§ **Task description**
Would you print, word for word, only the lines running from the line with "wall-art-print-canvas-poster-framed-Modern Muse, Style" to the last line of the entries, without the pictures?

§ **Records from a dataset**
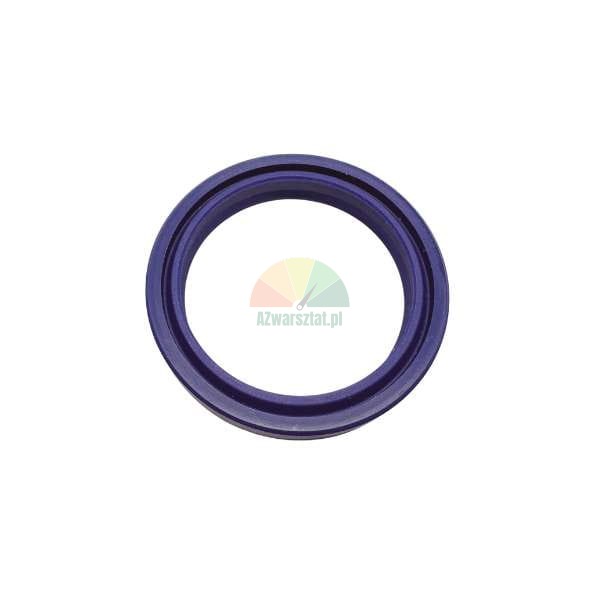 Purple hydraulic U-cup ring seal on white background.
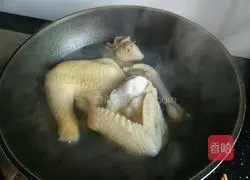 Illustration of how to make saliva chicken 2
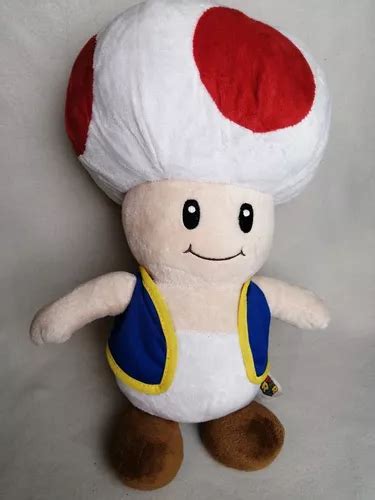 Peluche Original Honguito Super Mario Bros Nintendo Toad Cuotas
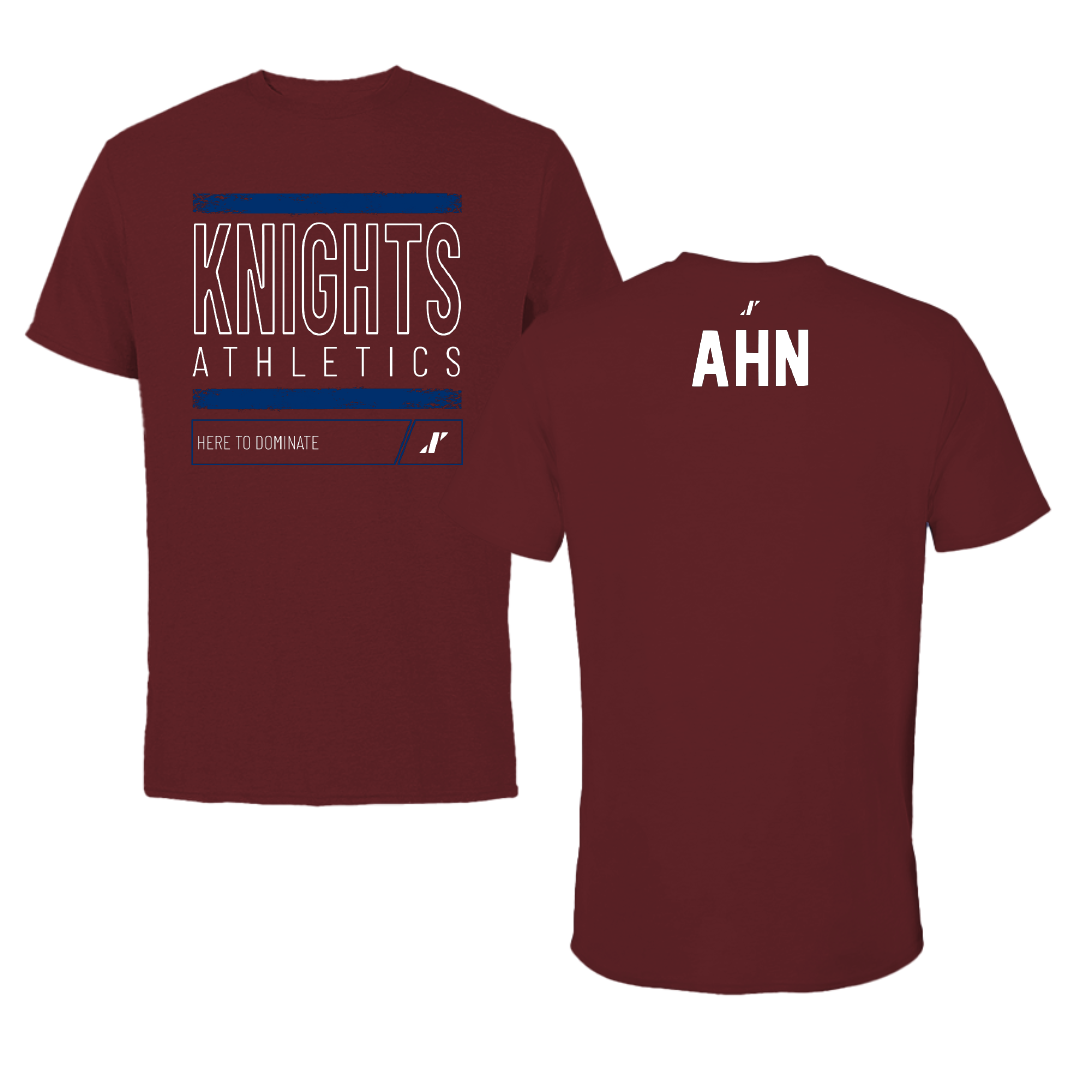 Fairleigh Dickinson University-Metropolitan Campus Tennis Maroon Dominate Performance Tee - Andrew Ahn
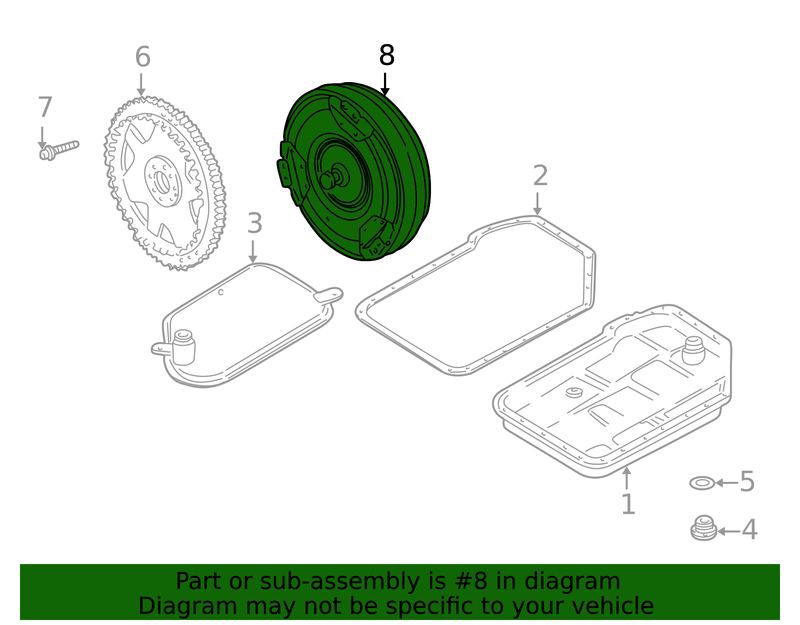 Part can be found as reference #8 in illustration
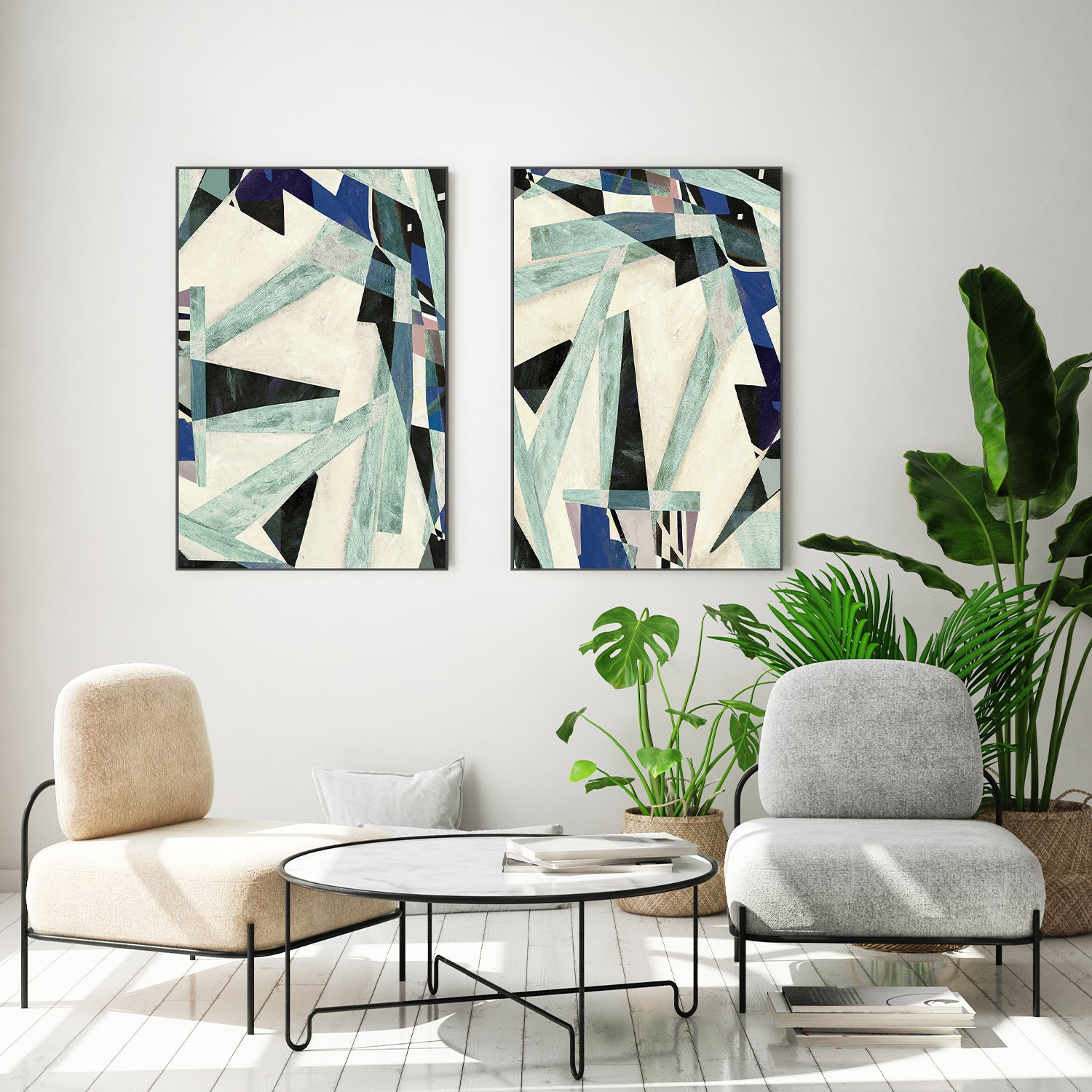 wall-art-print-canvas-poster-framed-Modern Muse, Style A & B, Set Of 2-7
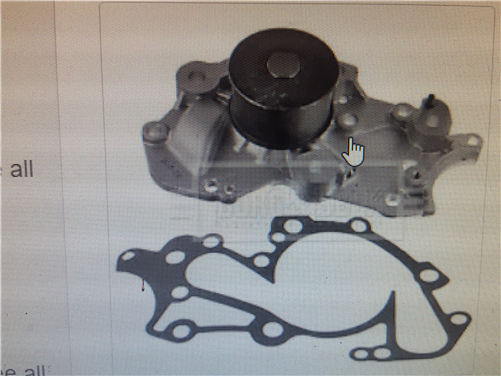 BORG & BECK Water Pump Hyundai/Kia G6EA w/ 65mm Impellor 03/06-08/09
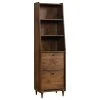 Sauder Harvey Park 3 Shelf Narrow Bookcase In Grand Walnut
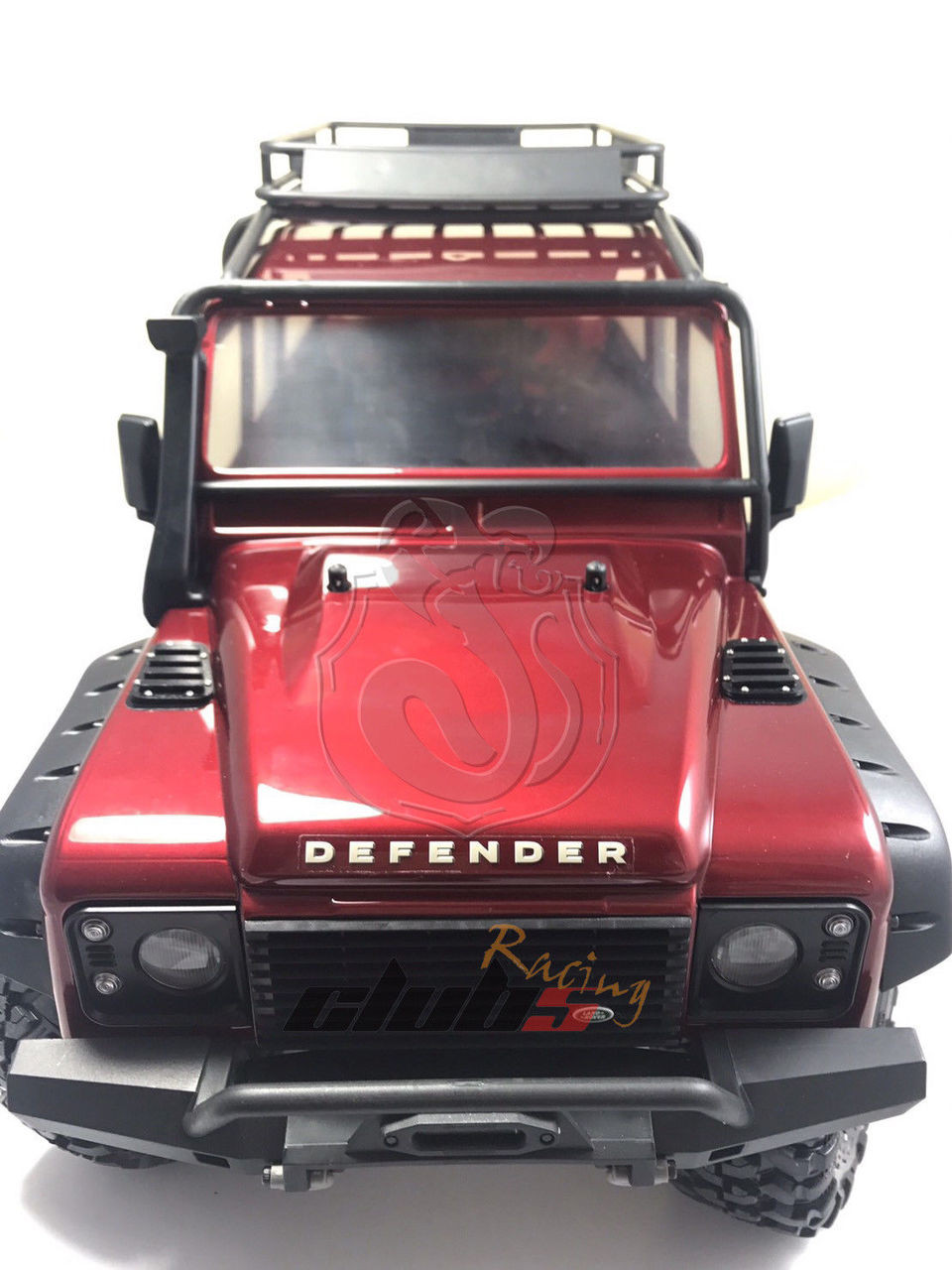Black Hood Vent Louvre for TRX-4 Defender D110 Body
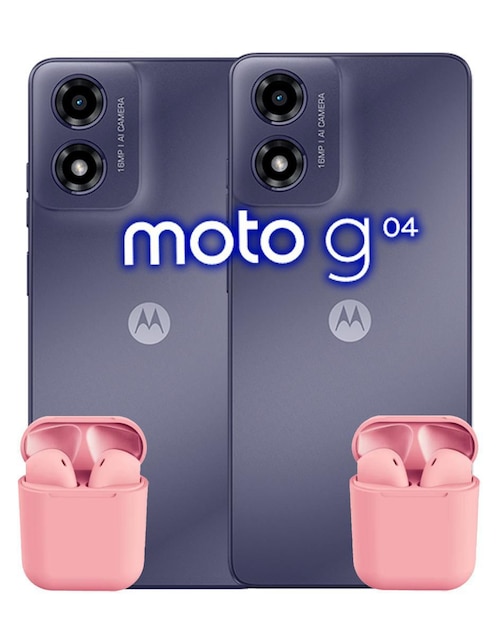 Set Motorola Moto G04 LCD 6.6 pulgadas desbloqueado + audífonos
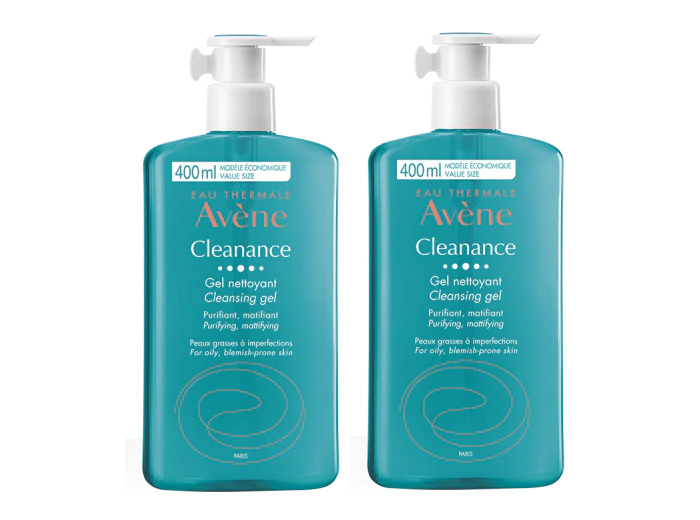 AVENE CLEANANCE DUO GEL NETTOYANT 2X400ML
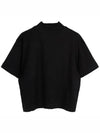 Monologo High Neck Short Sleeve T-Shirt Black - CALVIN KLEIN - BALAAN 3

§ **Expected answer**
 wall-art-print-canvas-poster-framed-Modern Muse, Style A & B, Set Of 2-7
 BORG & BECK Water Pump Hyundai/Kia G6EA w/ 65mm Impellor 03/06-08/09
 Sauder Harvey Park 3 Shelf Narrow Bookcase In Grand Walnut
Black Hood Vent Louvre for TRX-4 Defender D110 Body
 Set Motorola Moto G04 LCD 6.6 pulgadas desbloqueado + audífonos
 AVENE CLEANANCE DUO GEL NETTOYANT 2X400ML
 Monologo High Neck Short Sleeve T-Shirt Black - CALVIN KLEIN - BALAAN 3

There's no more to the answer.